■ Task statement:
Check every line of the data and copy the ones where "Package" appears.

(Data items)
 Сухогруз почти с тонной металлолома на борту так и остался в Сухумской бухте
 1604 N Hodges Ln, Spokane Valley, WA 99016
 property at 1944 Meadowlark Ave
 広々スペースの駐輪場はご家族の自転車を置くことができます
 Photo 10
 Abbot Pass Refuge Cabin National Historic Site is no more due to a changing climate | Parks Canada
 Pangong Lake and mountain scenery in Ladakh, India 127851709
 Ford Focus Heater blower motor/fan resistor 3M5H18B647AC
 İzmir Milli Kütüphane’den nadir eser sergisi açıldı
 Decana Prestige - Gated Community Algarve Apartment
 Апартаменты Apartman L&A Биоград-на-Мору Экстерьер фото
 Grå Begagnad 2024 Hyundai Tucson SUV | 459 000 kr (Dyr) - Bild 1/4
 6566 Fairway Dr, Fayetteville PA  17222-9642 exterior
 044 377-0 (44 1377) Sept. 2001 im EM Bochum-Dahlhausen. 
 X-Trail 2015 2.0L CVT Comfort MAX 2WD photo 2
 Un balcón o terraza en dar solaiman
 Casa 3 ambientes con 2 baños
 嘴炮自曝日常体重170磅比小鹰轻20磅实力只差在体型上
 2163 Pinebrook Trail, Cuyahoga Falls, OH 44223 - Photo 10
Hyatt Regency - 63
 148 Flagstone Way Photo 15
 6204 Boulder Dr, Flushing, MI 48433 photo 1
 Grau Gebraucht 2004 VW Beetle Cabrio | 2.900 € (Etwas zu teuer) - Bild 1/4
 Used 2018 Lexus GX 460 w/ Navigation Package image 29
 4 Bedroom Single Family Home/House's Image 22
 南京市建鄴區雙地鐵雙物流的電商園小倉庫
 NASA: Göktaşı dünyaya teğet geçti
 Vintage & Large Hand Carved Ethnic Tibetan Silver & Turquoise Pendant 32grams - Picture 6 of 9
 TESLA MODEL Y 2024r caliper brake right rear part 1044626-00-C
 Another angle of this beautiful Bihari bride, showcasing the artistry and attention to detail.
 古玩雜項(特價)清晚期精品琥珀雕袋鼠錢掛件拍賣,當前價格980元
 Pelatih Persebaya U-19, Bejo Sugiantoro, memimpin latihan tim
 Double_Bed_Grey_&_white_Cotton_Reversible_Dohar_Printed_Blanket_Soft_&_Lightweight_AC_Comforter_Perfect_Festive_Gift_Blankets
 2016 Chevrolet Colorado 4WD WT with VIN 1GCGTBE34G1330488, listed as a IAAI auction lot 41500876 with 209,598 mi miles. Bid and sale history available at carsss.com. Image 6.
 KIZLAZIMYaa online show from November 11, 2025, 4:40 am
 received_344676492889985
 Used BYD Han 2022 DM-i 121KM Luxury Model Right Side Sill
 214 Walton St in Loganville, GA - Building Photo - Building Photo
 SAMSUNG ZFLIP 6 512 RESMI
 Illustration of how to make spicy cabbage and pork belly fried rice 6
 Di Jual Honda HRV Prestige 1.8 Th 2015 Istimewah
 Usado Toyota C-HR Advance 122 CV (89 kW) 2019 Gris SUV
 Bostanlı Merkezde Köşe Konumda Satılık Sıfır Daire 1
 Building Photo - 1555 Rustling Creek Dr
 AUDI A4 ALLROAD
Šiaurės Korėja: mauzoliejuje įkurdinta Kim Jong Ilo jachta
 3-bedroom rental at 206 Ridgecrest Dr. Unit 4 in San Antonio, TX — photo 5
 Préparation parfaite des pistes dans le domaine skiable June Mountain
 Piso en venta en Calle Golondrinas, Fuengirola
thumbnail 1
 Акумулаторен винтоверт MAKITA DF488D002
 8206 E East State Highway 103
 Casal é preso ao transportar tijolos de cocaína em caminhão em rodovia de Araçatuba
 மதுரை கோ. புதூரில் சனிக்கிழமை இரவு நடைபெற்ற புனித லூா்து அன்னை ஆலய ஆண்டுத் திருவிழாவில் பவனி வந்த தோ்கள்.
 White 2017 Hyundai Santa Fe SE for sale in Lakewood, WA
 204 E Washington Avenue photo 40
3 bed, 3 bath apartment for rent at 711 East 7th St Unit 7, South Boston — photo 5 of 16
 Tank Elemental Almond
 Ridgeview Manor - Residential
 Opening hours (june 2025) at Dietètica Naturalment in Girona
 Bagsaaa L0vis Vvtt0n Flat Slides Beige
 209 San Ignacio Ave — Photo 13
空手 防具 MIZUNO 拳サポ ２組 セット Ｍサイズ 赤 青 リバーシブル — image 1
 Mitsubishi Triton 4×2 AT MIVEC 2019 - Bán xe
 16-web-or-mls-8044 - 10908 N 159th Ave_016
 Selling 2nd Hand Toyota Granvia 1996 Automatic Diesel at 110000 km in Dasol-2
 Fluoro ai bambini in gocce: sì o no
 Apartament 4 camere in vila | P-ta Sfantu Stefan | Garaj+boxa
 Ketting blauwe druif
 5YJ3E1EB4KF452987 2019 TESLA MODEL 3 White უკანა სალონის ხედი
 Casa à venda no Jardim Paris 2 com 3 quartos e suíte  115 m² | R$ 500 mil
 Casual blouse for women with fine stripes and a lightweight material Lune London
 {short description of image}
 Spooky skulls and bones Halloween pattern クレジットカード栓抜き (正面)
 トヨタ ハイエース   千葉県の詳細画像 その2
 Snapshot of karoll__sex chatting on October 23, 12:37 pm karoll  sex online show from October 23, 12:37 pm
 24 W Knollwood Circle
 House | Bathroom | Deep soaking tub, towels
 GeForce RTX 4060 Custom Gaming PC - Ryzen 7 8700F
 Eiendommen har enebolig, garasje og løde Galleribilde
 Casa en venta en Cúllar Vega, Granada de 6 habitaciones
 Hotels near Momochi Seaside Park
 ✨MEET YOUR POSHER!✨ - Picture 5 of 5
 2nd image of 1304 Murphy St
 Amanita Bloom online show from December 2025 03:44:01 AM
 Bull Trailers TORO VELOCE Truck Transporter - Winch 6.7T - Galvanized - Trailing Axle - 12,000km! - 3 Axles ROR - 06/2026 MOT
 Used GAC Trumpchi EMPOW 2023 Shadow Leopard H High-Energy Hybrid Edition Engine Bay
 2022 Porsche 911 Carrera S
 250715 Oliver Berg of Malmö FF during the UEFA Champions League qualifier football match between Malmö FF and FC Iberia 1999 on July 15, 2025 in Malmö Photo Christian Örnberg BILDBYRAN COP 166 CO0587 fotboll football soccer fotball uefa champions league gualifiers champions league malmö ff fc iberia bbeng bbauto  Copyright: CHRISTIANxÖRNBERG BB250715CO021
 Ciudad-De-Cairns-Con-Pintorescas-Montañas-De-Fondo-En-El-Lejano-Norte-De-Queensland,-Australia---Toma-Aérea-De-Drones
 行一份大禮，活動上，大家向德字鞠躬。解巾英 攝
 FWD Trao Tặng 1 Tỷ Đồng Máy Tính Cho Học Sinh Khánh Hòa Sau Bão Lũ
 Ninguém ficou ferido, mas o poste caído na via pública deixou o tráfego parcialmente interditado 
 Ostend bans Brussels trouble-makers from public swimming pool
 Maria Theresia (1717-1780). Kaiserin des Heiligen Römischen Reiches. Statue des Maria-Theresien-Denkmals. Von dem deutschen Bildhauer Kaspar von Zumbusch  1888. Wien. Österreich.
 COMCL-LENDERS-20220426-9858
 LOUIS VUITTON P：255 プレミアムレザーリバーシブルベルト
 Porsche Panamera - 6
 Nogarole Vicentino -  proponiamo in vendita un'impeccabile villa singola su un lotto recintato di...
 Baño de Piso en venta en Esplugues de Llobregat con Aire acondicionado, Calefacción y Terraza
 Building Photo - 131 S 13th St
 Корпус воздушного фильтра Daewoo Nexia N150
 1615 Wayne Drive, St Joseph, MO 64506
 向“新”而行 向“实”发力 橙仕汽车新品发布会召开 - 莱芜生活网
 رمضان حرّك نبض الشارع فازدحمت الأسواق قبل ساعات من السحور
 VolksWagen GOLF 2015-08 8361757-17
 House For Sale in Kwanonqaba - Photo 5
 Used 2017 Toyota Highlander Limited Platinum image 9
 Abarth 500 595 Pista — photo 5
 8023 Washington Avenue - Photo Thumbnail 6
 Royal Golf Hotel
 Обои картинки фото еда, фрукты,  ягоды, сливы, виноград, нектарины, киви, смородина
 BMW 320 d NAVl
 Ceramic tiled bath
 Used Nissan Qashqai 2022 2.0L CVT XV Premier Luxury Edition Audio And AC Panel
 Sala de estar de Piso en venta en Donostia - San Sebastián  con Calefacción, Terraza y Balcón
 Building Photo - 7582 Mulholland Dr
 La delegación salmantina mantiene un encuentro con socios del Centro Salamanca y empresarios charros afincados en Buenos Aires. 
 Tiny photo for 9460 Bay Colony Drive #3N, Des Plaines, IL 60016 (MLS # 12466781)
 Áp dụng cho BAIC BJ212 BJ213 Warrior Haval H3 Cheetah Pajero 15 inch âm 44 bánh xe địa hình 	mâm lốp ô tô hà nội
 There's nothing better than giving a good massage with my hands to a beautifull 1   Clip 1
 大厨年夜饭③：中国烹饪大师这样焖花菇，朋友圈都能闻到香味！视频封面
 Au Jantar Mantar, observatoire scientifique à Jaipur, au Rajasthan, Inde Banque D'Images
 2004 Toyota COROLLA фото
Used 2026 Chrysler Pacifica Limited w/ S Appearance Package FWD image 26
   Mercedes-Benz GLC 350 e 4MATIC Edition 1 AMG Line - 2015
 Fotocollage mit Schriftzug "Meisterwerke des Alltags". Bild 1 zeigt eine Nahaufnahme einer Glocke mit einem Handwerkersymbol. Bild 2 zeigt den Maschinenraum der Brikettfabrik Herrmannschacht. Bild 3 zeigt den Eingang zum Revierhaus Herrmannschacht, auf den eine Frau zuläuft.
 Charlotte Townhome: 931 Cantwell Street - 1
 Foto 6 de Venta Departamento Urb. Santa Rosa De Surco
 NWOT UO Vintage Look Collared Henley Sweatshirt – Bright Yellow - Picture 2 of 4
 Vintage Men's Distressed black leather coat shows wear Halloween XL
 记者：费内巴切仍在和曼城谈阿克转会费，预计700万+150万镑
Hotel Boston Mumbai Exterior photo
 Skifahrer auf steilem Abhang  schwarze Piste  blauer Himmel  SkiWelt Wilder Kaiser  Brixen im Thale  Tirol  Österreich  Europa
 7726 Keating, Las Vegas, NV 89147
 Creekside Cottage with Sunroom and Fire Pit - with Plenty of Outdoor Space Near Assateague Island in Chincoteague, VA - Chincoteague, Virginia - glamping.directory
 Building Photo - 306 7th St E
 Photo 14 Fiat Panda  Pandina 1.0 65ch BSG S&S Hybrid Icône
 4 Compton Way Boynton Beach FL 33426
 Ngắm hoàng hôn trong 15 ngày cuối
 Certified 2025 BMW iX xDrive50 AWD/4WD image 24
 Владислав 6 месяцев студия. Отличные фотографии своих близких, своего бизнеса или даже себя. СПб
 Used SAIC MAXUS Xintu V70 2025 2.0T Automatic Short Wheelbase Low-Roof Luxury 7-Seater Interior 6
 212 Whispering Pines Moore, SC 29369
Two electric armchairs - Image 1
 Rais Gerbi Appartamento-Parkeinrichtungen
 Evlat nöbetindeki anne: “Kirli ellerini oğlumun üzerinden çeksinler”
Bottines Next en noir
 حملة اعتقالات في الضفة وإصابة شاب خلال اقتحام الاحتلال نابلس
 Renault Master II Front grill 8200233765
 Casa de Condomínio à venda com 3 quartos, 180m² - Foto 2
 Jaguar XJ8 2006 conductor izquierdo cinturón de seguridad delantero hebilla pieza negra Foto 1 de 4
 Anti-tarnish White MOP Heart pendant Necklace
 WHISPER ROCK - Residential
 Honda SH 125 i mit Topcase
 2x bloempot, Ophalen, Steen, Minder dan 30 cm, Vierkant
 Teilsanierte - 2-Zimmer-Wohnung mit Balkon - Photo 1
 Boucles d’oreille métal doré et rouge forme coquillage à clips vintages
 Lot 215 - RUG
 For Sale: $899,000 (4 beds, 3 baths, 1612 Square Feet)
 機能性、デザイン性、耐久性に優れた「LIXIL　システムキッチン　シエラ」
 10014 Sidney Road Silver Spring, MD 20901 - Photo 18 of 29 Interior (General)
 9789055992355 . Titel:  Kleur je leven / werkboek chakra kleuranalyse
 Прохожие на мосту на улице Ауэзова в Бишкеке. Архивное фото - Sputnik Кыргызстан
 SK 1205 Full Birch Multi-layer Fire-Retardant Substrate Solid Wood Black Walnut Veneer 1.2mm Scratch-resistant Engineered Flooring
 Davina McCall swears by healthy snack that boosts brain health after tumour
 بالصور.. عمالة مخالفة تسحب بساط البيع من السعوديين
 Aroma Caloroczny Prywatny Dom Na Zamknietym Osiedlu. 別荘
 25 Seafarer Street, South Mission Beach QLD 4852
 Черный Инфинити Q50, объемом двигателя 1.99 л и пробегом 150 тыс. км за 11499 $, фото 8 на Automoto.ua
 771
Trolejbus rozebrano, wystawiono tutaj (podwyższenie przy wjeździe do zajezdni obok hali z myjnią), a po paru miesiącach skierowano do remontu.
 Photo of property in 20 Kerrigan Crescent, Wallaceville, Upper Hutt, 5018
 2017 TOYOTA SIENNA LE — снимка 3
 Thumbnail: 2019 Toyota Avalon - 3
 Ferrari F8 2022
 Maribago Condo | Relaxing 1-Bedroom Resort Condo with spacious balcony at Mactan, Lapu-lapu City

■ Response to this task:
 Used 2018 Lexus GX 460 w/ Navigation Package image 29
Used 2026 Chrysler Pacifica Limited w/ S Appearance Package FWD image 26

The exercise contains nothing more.